— WHAT IS EXPECTED —
Transcribe only the lines in the data below falling between the line with "WHITE BEAR: Blood and Honor" and the line with "卡马达表达对米兰未能晋级欧冠的遗憾并重申自己是米兰的忠实粉丝", including those two lines, and leave out any picture.

— DATA EXTRACT —
++++++++++

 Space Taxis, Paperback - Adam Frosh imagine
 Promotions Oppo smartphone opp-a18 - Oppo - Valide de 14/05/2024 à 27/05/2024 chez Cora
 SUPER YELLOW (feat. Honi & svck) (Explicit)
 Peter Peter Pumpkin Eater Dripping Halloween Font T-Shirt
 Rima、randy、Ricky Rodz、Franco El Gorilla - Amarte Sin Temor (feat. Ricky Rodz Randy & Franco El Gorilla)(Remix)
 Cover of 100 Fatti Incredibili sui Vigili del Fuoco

++++++++++

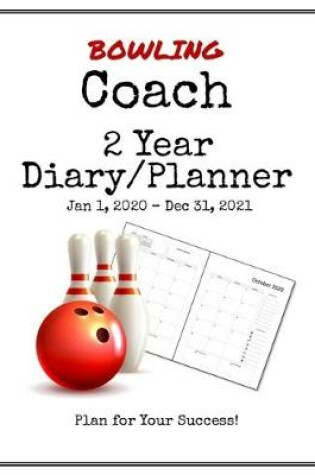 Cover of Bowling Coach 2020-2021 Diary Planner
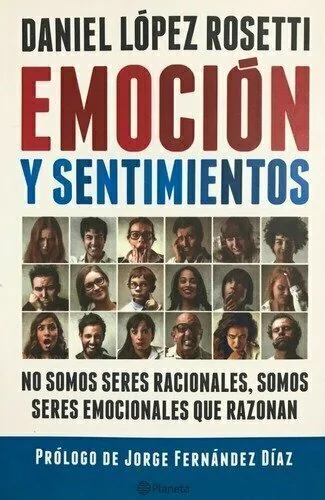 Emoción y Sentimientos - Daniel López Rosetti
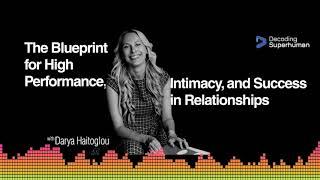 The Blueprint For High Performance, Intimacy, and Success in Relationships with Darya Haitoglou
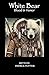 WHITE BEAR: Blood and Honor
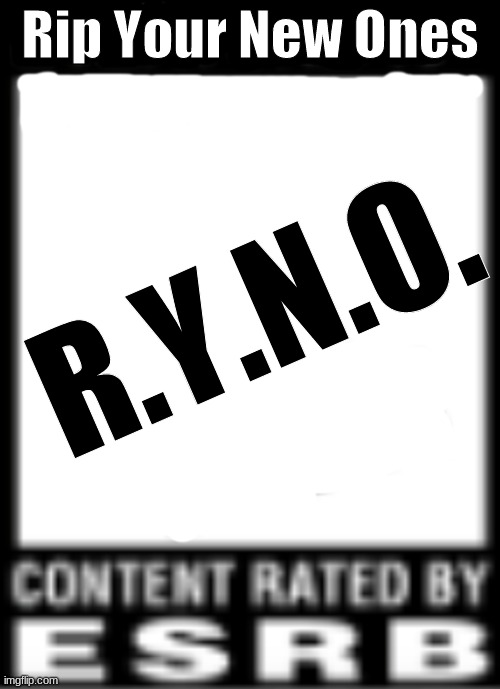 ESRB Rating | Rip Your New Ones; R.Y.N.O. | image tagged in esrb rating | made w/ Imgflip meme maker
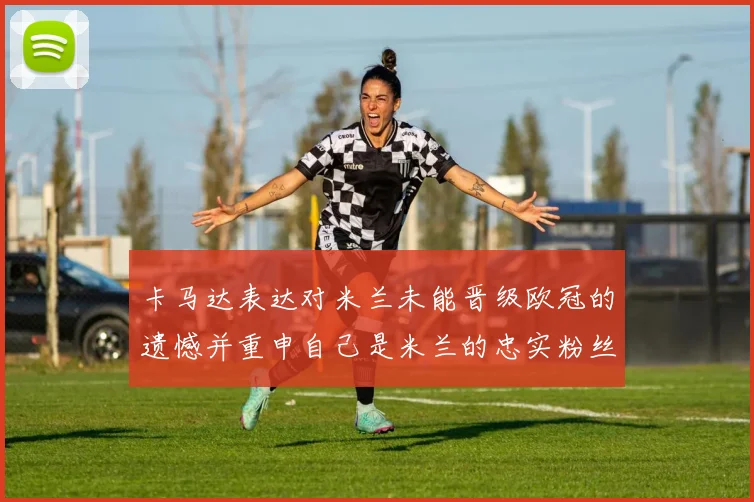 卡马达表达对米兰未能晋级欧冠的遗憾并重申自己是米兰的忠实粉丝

++++++++++

— YOUR RESPONSE —
 WHITE BEAR: Blood and Honor
 ESRB Rating | Rip Your New Ones; R.Y.N.O. | image tagged in esrb rating | made w/ Imgflip meme maker
 卡马达表达对米兰未能晋级欧冠的遗憾并重申自己是米兰的忠实粉丝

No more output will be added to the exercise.